Mortgage giant Fannie Mae missed a regulatory deadline Monday for filing its third-quarter financial results after its independent auditor KPMG refused to sign off on the report.
Company shares fell in late trading as its accounting crisis deepened.
The government-sponsored company, recently cited by regulators in the Office of Federal Housing Enterprise Oversight for serious accounting problems and accused of earnings manipulation, notified the Securities and Exchange Commission that it would not file the third-quarter report on time.
The OFHEO regulators had ordered Fannie Mae to make massive recalculations, and the delay fueled speculation as to whether the company — which finances one of every five home loans in the United States — would restate earnings.
The SEC is investigating Fannie Mae's accounting.
The company said Monday that if the SEC finds that it has improperly accounted for derivatives, the financial instruments it uses to hedge against interest-rate swings, it would show a net loss of $9 billion for the July-September period.
Fannie Mae shares were down 2.3 percent, or $1.64, in the extended trading session. In regular trading, the shares fell 21 cents to close at $70.20 on the New York Stock Exchange.
SEC spokesman Matt Well declined comment on the filing as did Corinne Russell, a spokeswoman for OFHEO, an independent agency within the Department of Housing and Urban Development. Spokesmen for Big Four accounting firm KPMG could not be reached for comment Monday night.
In its filing notifying the SEC, Fannie Mae said it "is not able to file a timely (quarterly report) that complies with the SEC's rules because it has been advised by its independent auditor that it is unable to complete its review of Fannie Mae's interim unaudited financial statements for the quarter ended September 30, 2004."
Fannie Mae also acknowledged that some of its accounting policies do not comply with generally accepted accounting principles, apparently contradicting recent public statements by top executives who have defended the company's accounting.
Chief executive Franklin Raines and Chief Financial Officer Timothy Howard insisted in sworn testimony at a congressional hearing last month that the HUD regulators' allegations of accounting improprieties and management misdeeds going back to the late 1990s were a matter of interpreting complex rules.
In its filing Monday, the company said it "recently determined that its methodology for performing" some calculations for 2001 and 2002 balance sheets "was not consistent" with generally accepted accounting principles. It said it expects the effect of the discrepancies will be an increase in earnings for 2001 and 2002, and a decrease in 2003 profits, "with the cumulative effect of these changes across the three periods netting to zero."
The "catch-up" calculations in question were related to 1998 expenses that OFHEO had said the company incorrectly put off to future periods so that top executives could collect full annual bonuses.
The stakes are high for Washington-based Fannie Mae, the second-largest financial institution in the country behind Citigroup, which also faces a criminal investigation by the Justice Department.
The accounting debacle erupted on Sept. 22, when the company disclosed the SEC investigation.

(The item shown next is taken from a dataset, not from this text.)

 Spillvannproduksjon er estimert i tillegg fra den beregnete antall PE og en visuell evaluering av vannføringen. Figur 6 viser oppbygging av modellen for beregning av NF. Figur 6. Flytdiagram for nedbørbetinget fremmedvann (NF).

That inquiry makes things potentially tricky for Fannie Mae. Also by law, the quarterly financial results must be certified by Raines and Howard.

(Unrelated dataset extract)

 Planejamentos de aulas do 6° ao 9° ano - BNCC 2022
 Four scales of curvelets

If the SEC investigators turn up accounting violations in the quarter, that could expose Fannie Mae and its executives to legal liability with shareholders and others, some analysts say.
A restatement could lead Fannie Mae's board to shuffle the company's executive ranks.
In cases involving other companies, KPMG has held off on approving companies' statements until government investigations of their accounting were completed, because of the accounting firm's own potential liability.
Fannie Mae and its smaller sibling Freddie Mac pump money into the home mortgage market by buying and guaranteeing repayment of billions of dollars of home loans each year from banks and other lenders, then bundling them into securities that are resold to investors. Their stock and debt are widely held by investors worldwide.